AARRR metrics (Pirate metrics)
// Definition
AARRR — Acquisition, Activation, Retention, Referral, Revenue — is a funnel framework coined by Dave McClure for measuring product lifecycle health. Acquisition: how do users find you? Activation: do they experience core value in the first session? Retention: do they return? Referral: do they tell others? Revenue: does the interaction generate money? Each stage surfaces different problems and often has different owners: marketing drives acquisition, product owns activation and retention. The framework's value is forcing you to look at the whole funnel — optimising acquisition while ignoring a leaky Retention stage is expensive failure. QA engineers naturally think in pipelines and staged execution; AARRR maps cleanly onto that mental model.
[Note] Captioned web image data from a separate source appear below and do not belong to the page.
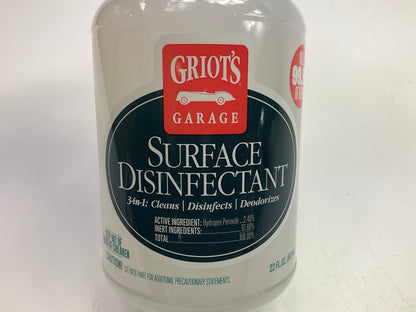 Griot's Garage 10966 Automotive Interior Surface Disinfectant, 22oz Spray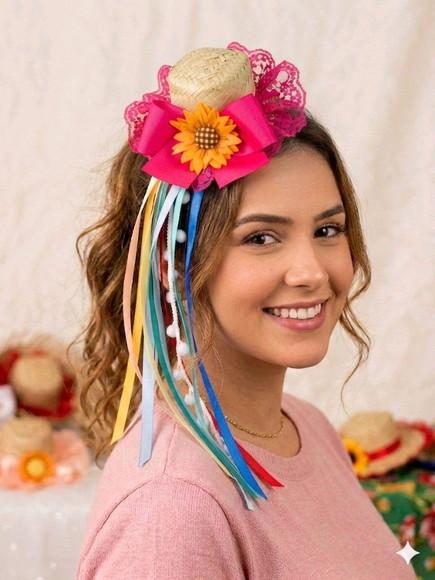 Tiara Chapéu de Palha Festa Junina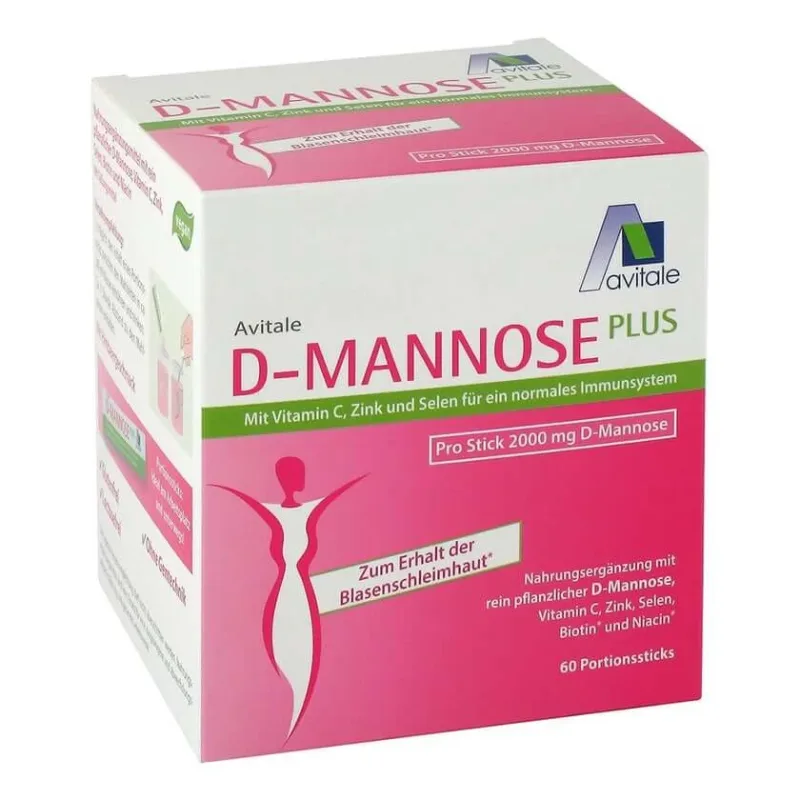 D-Mannose Plus 2000mg cu vitamine și minerale sticks 60X2.47 g — preț și oferte
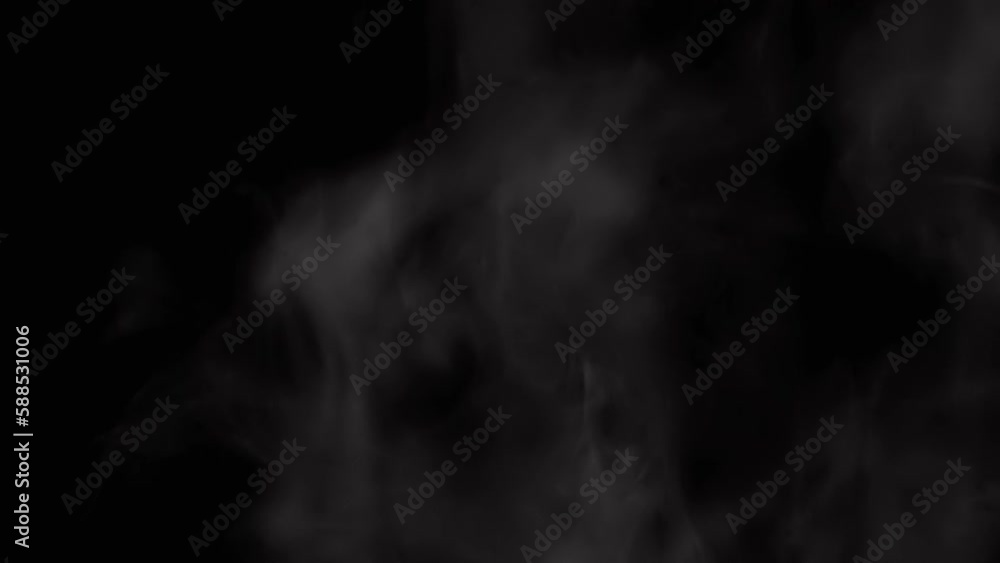Rising Blurred White Clouds of Steam, Smoke, Icy Thick Fog on a Black Background. Evaporation of water droplets over a boiling pot. Whirlpools of dense soft fog dissolve into the air. Steam for food. Rising Blurred White Clouds of Steam, Smoke, Icy Thick Fog on a Black Background. Evaporation of water droplets over a boiling pot. Whirlpools of dense soft fog dissolve into the air. Steam for food.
The new skill is instrumenting each stage with real behavioural metrics rather than coverage percentages or defect counts.
// Related terms
North Star metric
A North Star metric is the single number that best captures the core value a product delivers to customers — the one that, if it grows sustainably, predicts long-term business health. Spotify's was time-in-app; Airbnb's was nights booked. The North Star sits above vanity metrics (page views, sign-ups) and below revenue — it measures the value exchange, not the financial outcome. Choosing the wrong metric drives the wrong behaviour at scale: an engagement metric optimised without guardrails can increase usage while eroding user wellbeing. Supplement the North Star with counter-metrics to prevent gaming. For testers becoming PMs, this is a genuine mindset shift: QA thinks pass/fail (binary, per-release, reversible), while product thinks directional (continuous, long-horizon, probabilistic). Learning to act confidently on a trend rather than a verdict is the core adjustment.
Cohort analysis
Cohort analysis groups users by a shared characteristic at a specific point in time — usually when they first signed up or first performed an action — and tracks their behaviour across subsequent periods. It is the standard method for measuring retention without the distortion that new-user growth introduces: rising daily active users can mask worsening retention if you acquire users faster than you lose old ones. A cohort retention chart has signup week on one axis, weeks since signup on the other, and retention rate as the cell value. The signature of product-market fit is a retention curve that flattens above zero rather than trending toward zero. For QA engineers, cohort analysis resembles regression tracking across release cycles: both ask whether a population maintains expected behaviour over time, just at different scales.
Product-market fit
Product-market fit is the degree to which a product satisfies strong market demand — a state where users acquire, retain, and refer at rates that sustain growth without heavy marketing spend. Marc Andreessen defined it as "being in a good market with a product that can satisfy that market." Sean Ellis's heuristic: if more than 40% of surveyed users would be "very disappointed" if the product disappeared, PMF is likely. Before PMF, optimise for learning, not efficiency — every process and metric should target understanding what the market actually wants. After PMF, optimise for growth. For QA engineers pivoting to product, PMF reframes the entire quality conversation: before PMF you are validating the concept, not production polish; after PMF, reliability and quality become competitive differentiators that directly affect retention.
Product discovery
Product discovery is the work that happens before a single line of code is written: identifying real user problems, validating that they are worth solving, and shaping a solution hypothesis. It involves interviews, observation, prototype testing, and quantitative analysis — the goal is to collapse uncertainty before committing engineering effort. Discovery is never "done"; product teams run it in parallel with delivery to stay ahead of the build queue. The common trap is confusing discovery with research reports that nobody reads; discovery output is a decision: build this, not that, and here is the evidence. For QA engineers moving into product, discovery is where the instinct for "what could go wrong" is most valuable — testing a problem statement or a prototype applies the same rigour as testing a feature, just earlier and cheaper.